Inference speed and energy consumption for different BitNet b1.58 model sizes (Apple M2 Ultra) (Source)
Inference speed and energy consumption for different BitNet b1.58 model sizes (Intel i7-13700H) (Source)
bitnet.cpp offers a set of optimized kernels that are designed for fast and lossless inference of 1.58-bit models on both ARM and x86 architectures. The evaluation of bitnet.cpp was also accomplished in terms of both inference speed and energy consumption. It demonstrates a significant improvement over llama.cpp on both ARM and x86 architectures, especially when the model size increases.

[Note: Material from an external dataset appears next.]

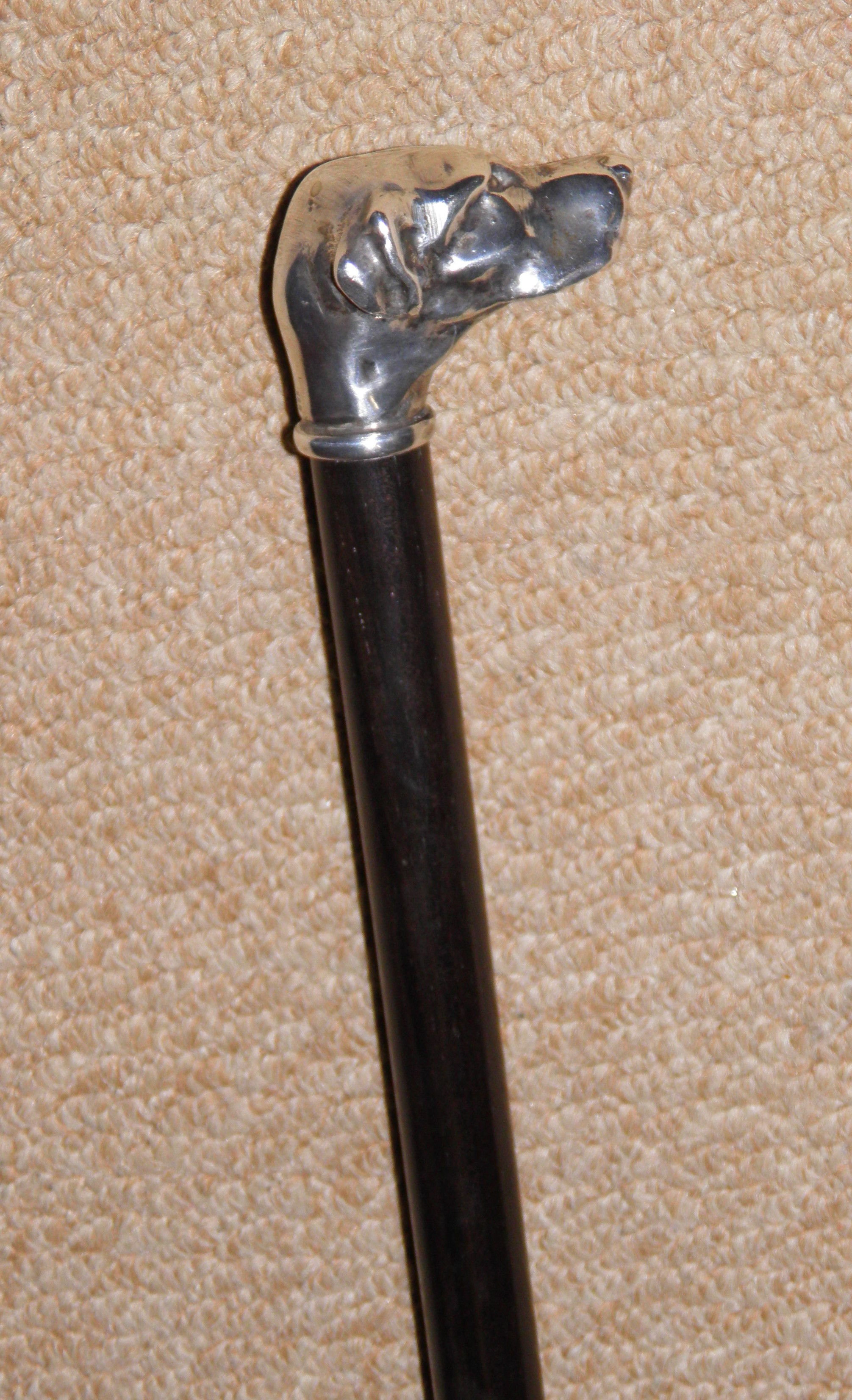 Vintage Walking Stick - Hallmarked Italian Milan 925 Solid Silver Dog Hound Top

Hands-on Implementation of bitnet.cpp
Step 1: Cloning the official repository –
!git clone --recursive https://github.com/microsoft/BitNet.git
Step 2: Changing the present working directory –
%cd /content/BitNet/
Step 3: Installing the required dependencies using the requirements.txt –
!pip install -r requirements.txt
Step 4: Downloading the 1-bit model from HuggingFace and converting it into GGUF format –
!huggingface-cli download 1bitLLM/bitnet_b1_58-large --local-dir bitnet_b1_58-large
!python setup_env.py -md bitnet_b1_58-large
Step 5 – Running inference with inference.py script –
!python run_inference.py -m bitnet_b1_58-large/ggml-model-i2_s.gguf -p "John went to eat dinner while his friend Janardan was playing on PlayStation. While playing Playstation, Janardan called his friend Johny. Who is Johny to John?\nAnswer:" -n 50 -temp 0
Output –
Answer: Johny is a friend of John.
Final Words
1-bit LLMs are significantly smaller than traditional LLMs and the reduced precision also leads to faster computations, especially when the hardware is optimised for bitwise operations. bitnet.cpp offers a huge improvement in terms of optimised kernels for inferencing 1-bit LLMs supporting faster inference and lower energy consumption. It’s still in infancy stage but is poised to bring a significant change in the era of LLM inferencing and energy reduction.